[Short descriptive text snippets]
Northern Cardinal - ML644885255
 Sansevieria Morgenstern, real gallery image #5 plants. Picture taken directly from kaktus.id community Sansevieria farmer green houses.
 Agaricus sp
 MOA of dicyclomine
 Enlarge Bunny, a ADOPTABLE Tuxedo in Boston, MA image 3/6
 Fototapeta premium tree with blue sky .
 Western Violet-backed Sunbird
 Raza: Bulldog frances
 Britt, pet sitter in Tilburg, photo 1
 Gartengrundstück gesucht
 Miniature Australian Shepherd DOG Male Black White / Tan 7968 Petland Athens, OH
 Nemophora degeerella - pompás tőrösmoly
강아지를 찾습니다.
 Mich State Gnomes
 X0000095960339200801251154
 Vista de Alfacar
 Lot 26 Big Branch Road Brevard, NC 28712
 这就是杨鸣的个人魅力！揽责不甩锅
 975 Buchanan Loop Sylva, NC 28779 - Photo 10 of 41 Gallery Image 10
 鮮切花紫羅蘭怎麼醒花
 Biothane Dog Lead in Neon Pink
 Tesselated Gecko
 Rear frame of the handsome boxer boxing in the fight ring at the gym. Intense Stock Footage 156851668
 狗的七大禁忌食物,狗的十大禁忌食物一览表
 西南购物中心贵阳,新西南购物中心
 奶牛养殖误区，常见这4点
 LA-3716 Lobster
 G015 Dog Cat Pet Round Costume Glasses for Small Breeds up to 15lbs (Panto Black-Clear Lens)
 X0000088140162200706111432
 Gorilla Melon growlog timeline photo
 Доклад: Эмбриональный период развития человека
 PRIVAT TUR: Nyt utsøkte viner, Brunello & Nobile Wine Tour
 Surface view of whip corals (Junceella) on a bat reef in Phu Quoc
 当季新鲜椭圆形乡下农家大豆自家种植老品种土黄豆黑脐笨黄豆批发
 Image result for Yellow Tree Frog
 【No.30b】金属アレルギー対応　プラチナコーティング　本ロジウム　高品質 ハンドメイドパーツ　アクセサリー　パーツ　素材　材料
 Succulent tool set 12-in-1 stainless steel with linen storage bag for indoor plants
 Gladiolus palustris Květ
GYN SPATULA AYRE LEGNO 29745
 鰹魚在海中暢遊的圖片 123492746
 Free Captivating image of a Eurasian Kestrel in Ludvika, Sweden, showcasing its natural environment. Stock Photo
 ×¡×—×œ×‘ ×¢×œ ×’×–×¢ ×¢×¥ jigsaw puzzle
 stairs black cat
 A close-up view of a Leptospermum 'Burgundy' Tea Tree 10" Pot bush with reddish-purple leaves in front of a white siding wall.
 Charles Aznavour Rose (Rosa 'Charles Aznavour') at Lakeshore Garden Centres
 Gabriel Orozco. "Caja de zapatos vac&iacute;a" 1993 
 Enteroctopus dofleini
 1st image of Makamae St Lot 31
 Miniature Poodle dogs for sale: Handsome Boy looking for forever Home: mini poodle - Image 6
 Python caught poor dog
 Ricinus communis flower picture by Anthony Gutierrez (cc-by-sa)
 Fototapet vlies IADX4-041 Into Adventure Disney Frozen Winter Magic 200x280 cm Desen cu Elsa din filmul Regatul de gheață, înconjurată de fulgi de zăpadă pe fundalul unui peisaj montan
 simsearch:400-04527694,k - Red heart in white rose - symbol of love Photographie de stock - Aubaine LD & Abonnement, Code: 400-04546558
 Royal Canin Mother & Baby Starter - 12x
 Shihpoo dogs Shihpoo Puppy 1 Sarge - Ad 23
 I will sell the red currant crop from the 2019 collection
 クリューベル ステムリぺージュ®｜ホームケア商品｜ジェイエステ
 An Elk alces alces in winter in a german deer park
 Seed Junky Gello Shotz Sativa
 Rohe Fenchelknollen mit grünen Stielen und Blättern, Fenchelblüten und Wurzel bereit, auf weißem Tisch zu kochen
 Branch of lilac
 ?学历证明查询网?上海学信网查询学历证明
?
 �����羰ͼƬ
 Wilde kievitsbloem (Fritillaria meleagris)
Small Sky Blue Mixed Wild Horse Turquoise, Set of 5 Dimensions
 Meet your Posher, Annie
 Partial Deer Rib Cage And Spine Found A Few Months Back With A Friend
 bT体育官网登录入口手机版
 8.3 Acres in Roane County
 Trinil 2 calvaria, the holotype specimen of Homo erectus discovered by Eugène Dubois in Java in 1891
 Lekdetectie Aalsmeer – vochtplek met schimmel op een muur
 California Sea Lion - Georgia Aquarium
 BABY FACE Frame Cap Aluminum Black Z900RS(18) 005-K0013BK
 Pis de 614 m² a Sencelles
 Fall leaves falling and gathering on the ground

Task to carry out: The reply should consist solely of the lines above from the one that has "Gorilla Melon growlog timeline photo" through the one that has "8.3 Acres in Roane County", reproduced exactly.

Exercise result:
 Gorilla Melon growlog timeline photo
 Доклад: Эмбриональный период развития человека
 PRIVAT TUR: Nyt utsøkte viner, Brunello & Nobile Wine Tour
 Surface view of whip corals (Junceella) on a bat reef in Phu Quoc
 当季新鲜椭圆形乡下农家大豆自家种植老品种土黄豆黑脐笨黄豆批发
 Image result for Yellow Tree Frog
 【No.30b】金属アレルギー対応　プラチナコーティング　本ロジウム　高品質 ハンドメイドパーツ　アクセサリー　パーツ　素材　材料
 Succulent tool set 12-in-1 stainless steel with linen storage bag for indoor plants
 Gladiolus palustris Květ
GYN SPATULA AYRE LEGNO 29745
 鰹魚在海中暢遊的圖片 123492746
 Free Captivating image of a Eurasian Kestrel in Ludvika, Sweden, showcasing its natural environment. Stock Photo
 ×¡×—×œ×‘ ×¢×œ ×’×–×¢ ×¢×¥ jigsaw puzzle
 stairs black cat
 A close-up view of a Leptospermum 'Burgundy' Tea Tree 10" Pot bush with reddish-purple leaves in front of a white siding wall.
 Charles Aznavour Rose (Rosa 'Charles Aznavour') at Lakeshore Garden Centres
 Gabriel Orozco. "Caja de zapatos vac&iacute;a" 1993 
 Enteroctopus dofleini
 1st image of Makamae St Lot 31
 Miniature Poodle dogs for sale: Handsome Boy looking for forever Home: mini poodle - Image 6
 Python caught poor dog
 Ricinus communis flower picture by Anthony Gutierrez (cc-by-sa)
 Fototapet vlies IADX4-041 Into Adventure Disney Frozen Winter Magic 200x280 cm Desen cu Elsa din filmul Regatul de gheață, înconjurată de fulgi de zăpadă pe fundalul unui peisaj montan
 simsearch:400-04527694,k - Red heart in white rose - symbol of love Photographie de stock - Aubaine LD & Abonnement, Code: 400-04546558
 Royal Canin Mother & Baby Starter - 12x
 Shihpoo dogs Shihpoo Puppy 1 Sarge - Ad 23
 I will sell the red currant crop from the 2019 collection
 クリューベル ステムリぺージュ®｜ホームケア商品｜ジェイエステ
 An Elk alces alces in winter in a german deer park
 Seed Junky Gello Shotz Sativa
 Rohe Fenchelknollen mit grünen Stielen und Blättern, Fenchelblüten und Wurzel bereit, auf weißem Tisch zu kochen
 Branch of lilac
 ?学历证明查询网?上海学信网查询学历证明
?
 �����羰ͼƬ
 Wilde kievitsbloem (Fritillaria meleagris)
Small Sky Blue Mixed Wild Horse Turquoise, Set of 5 Dimensions
 Meet your Posher, Annie
 Partial Deer Rib Cage And Spine Found A Few Months Back With A Friend
 bT体育官网登录入口手机版
 8.3 Acres in Roane County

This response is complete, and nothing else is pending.